JB : « Le slogan avait été efficace : il avait engendré une baisse de près de 20 % de la consommation d’antibiotiques en France. L’effet s’est rapidement estompé, les bonnes habitudes se sont perdues et la consommation est repartie à la hausse. Ce renversement de tendance est préoccupant. Avec plus de cent millions de boites remboursées chaque année, la France est le troisième pays consommateur d’antibiotiques en Europe derrière la Grèce et la Roumanie. Selon le ministère de la santé, 30 à 50 % des traitements antibiotiques sont inadaptés aux pathologies diagnostiquées. Les campagnes sont efficaces mais si elles ne sont pas régulières et les mauvaises habitudes reprennent le dessus. Une pédagogie est nécessaire : sensibiliser de façon intelligente, convaincre et insister sans faire peur. »
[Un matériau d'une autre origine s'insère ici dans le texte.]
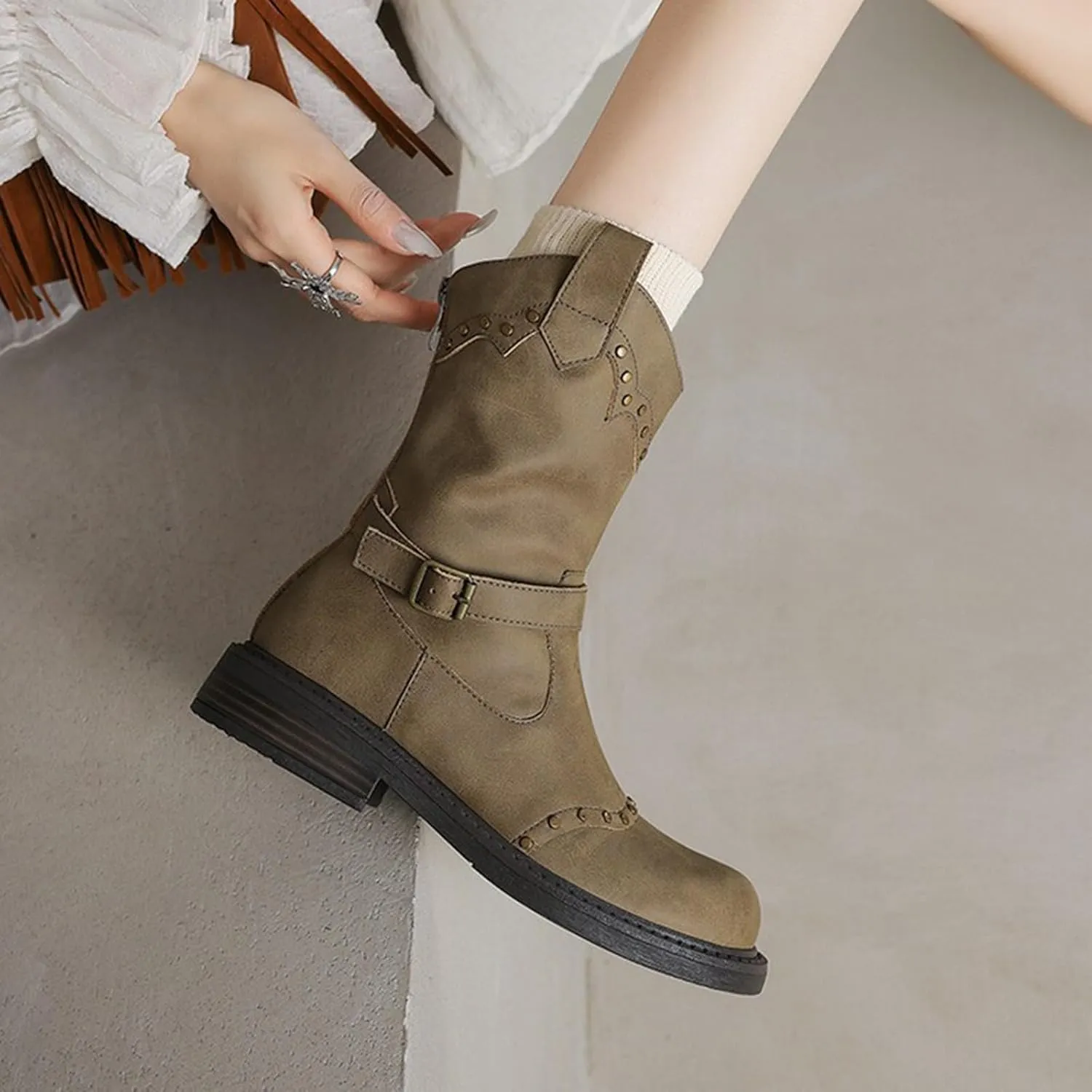 Ankle Boots for Men Women Booties Ankle White Boots Point Toe Boots for Women Womens Western Ankle Cowboy Boots Cutout Block Heel Booties Brown Short Ankle Western Cowboy Boots for Women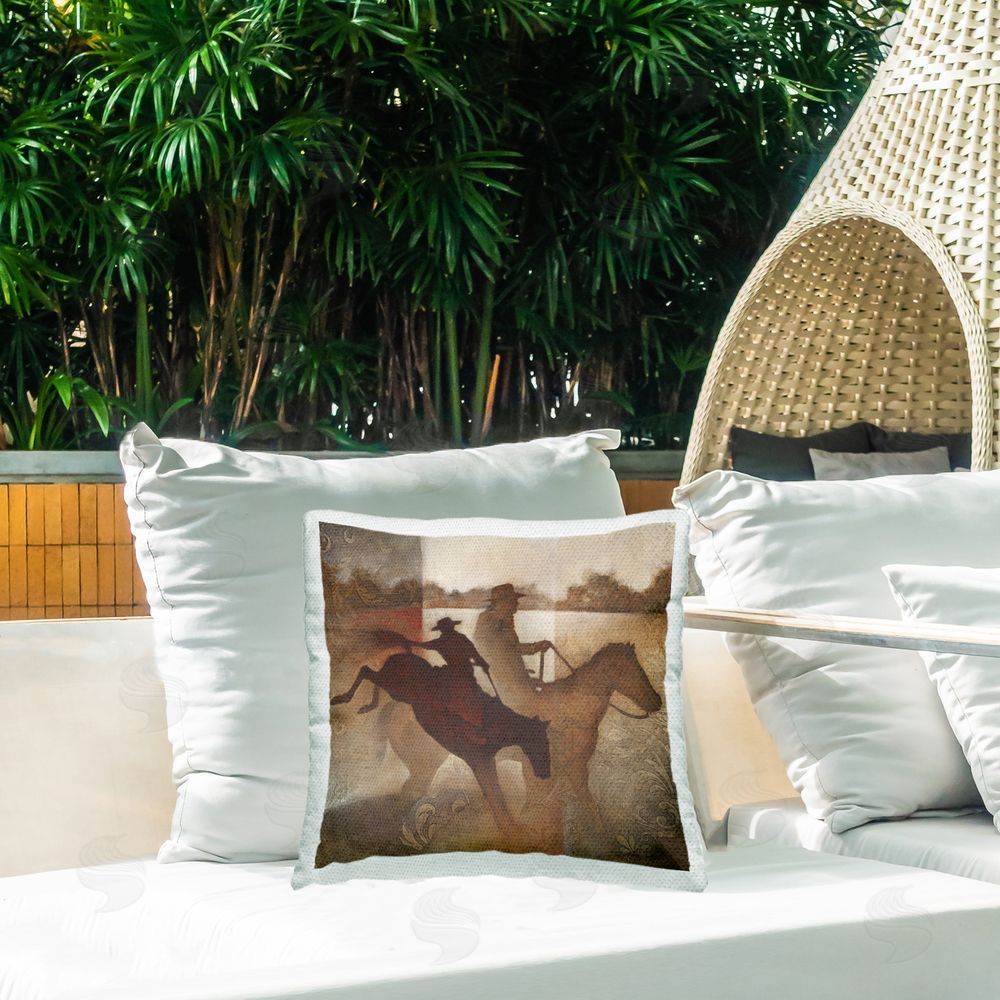 White Ladder Brown Cowboy Abstract Outdoor Quick-Dry Polyester Printed Throw Pillow in Back Yard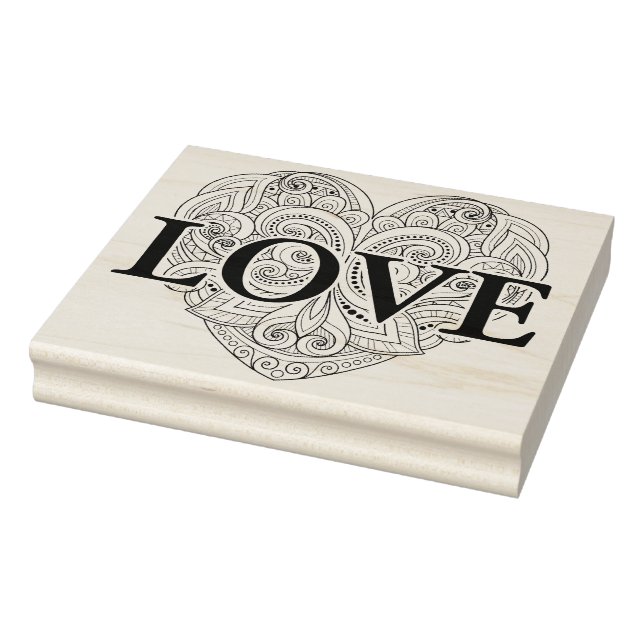 Abstract Heart Doodle Rubber Stamp (Stamp)
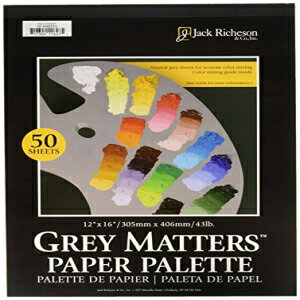 ジャック リシュソン グレー マターズ ペーパー パレット、12 x 16 インチ、50 枚 Jack Richeson Grey Matters Paper Palette, 12 by 16-Inch, 50 Sheets
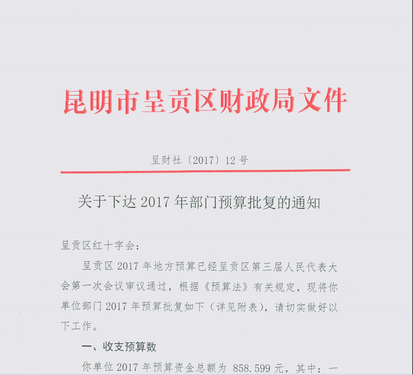 调整大小 部门预算批复的通知1
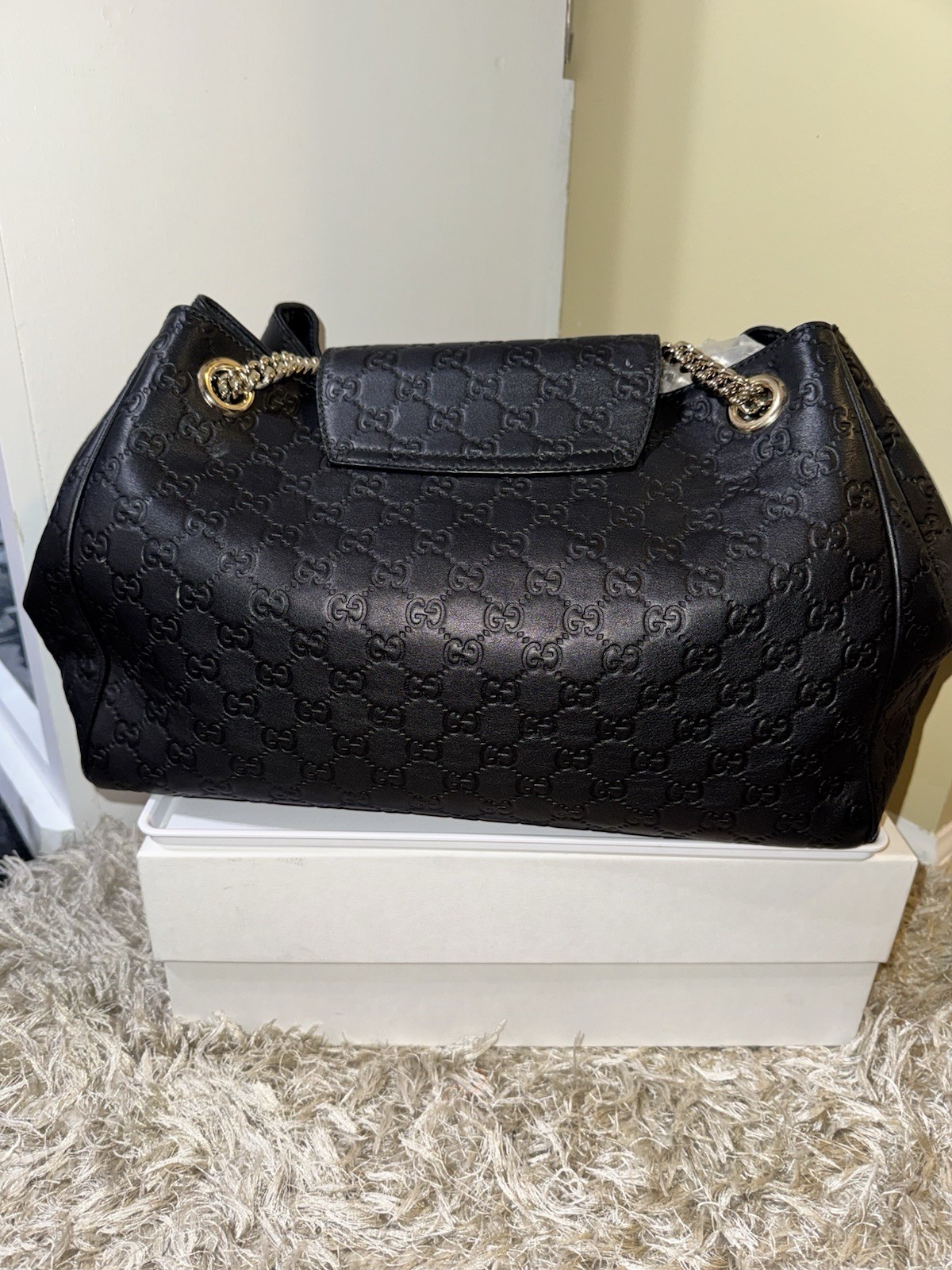 Gucci Guccissima Black Shoulder Bag Chain Strap Tassel Logo Gold Hardware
BLE Lorraine : 12 500 personnes meurent chaque année en France à cause de bactéries multi-résistantes.

JB : « Les bactéries n’ont pas de frontières. Mais, pour la France, cela représente presque quatre fois la mortalité routière et autant que le cancer du sein. C’est énorme. Pour diviser le nombre de morts par deux sur la route en vingt ans, il a fallu « mettre le paquet » : refaire de l’information en permanence, prendre des mesures incitatives et répressives. L’espoir de changement passera par les institutions et les politiques, même si ce n’est pas populaire et si cela heurte les habitudes des médecins. Dans un système libéral, être interventionniste et coercitif a du mal à passer. Il est plus facile de prescrire des antibiotiques qu’expliquer. Dans la lutte contre les maladies infectieuses, il n’y a pas que les médicaments mais aussi l’hygiène et la vaccination. »

BLE Lorraine : Vous militez également à Antibiolor, une association lorraine créée en 2003.
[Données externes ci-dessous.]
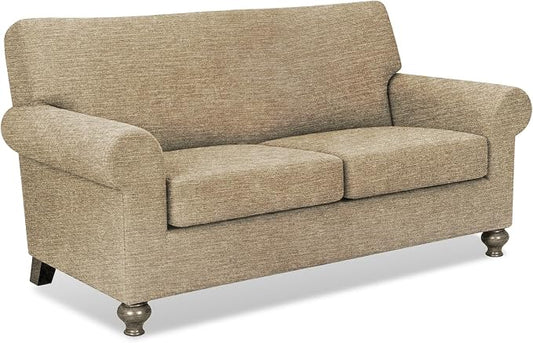 URBANLIFE 3-Piece Stretch Sofa Covers for 2 Cushion Couch, Coffee | Super fitted spandex slipcovers for couches. Non-slip elastic bottom. Machine washable furniture protector for kids & pets. by URBANLIFE
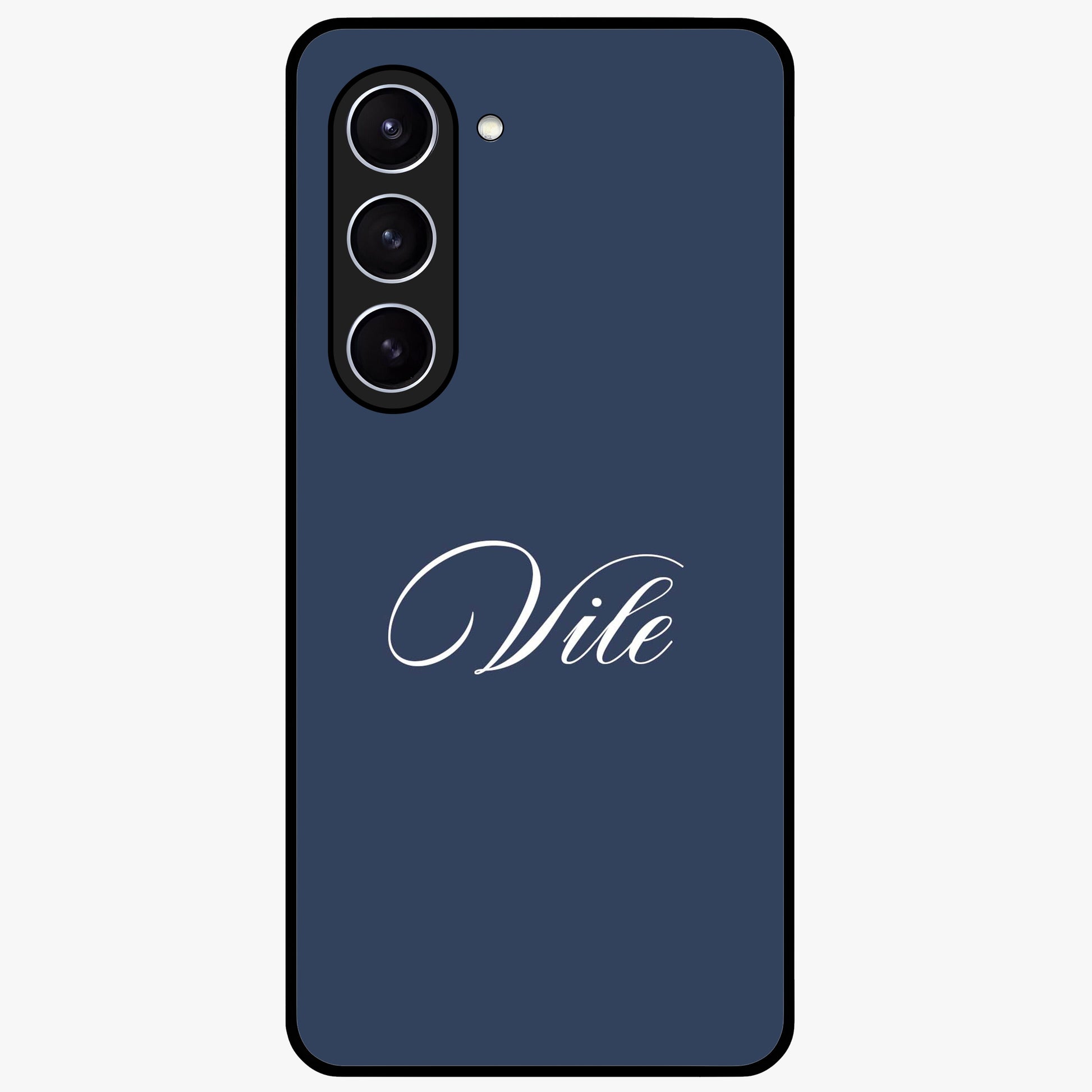 Blue Background Personalized Custom Name Glass Case showing flat back view with minimal blue background and custom name design.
JB : « J’en suis le Vice-président depuis sa création. Il s’agit d’un réseau de soignants exerçant en établissements de soins ou en ville qui a pour objectif de promouvoir le meilleur usage des anti-infectieux en Lorraine et maintenant dans tout le Grand Est. Devenu AntibioEst, le réseau offre des formations aux médecins et fournit conseils et fiches pratiques sur le bon usage des antibiotiques. »

BLE Lorraine : Quel  pourrait être le rôle du patient pour limiter cette sur-prescription ?
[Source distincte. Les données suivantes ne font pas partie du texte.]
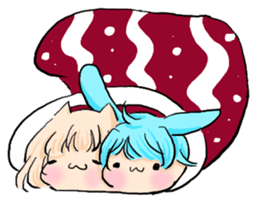 Rabbit boyfriend with his cat girlfriend sticker #14309383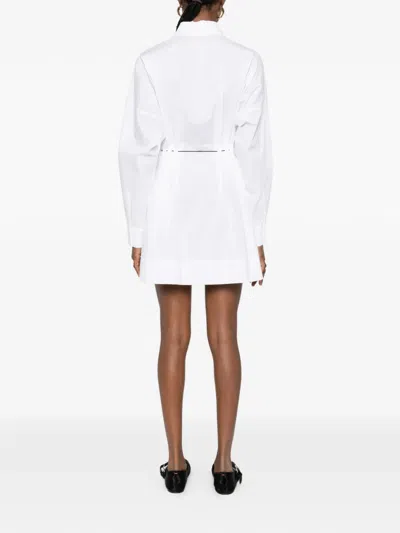 Staud Zip Drawstring Mini Dress In White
JB : « On voit bien avec la campagne, « Les antibiotiques, c’est pas automatique », que les patients ont également une influence sur les prescriptions. Faire savoir au médecin que vous n’êtes pas venu chercher des antibiotiques mais un diagnostic et un traitement si nécessaire, que vous savez qu’une angine est souvent virale et que le test dont dispose gratuitement le médecin permet en moins de cinq minutes de ne prescrire des antibiotiques qu’aux 30 % des angines qui sont bactériennes, que brûlure en urinant n’est pas synonyme de cystite et qu’une simple bandelette urinaire permet de faire la part des chose, etc. Osez poser des questions : pourquoi vous ne me faites pas de test pour l’angine ? Pourquoi ne me proposez-vous pas de bandelette urinaire pour la cystite ? Et surtout, acceptez l’inacceptable : la majorité des infections virales guérissent toutes seules, et aucun antibiotique ne réduira la durée de la toux d’une bronchite qui traîne et qui vous empêche de dormir. Si les médecins et leurs patients (via également les pouvoirs publics) ne prennent pas rapidement conscience du drame qui se profile à court terme, ce sont nos enfants qui ne pourront plus bénéficier de ces médicaments fantastiques que sont les antibiotiques, qui ont permis depuis 70 ans qu’on ne meure plus de pneumonie ou d’infection urinaire. »

Jean-Marie MATHE, passionné de médias et correspondant local en Pays Boulageois, pour le Groupe BLE Lorraine.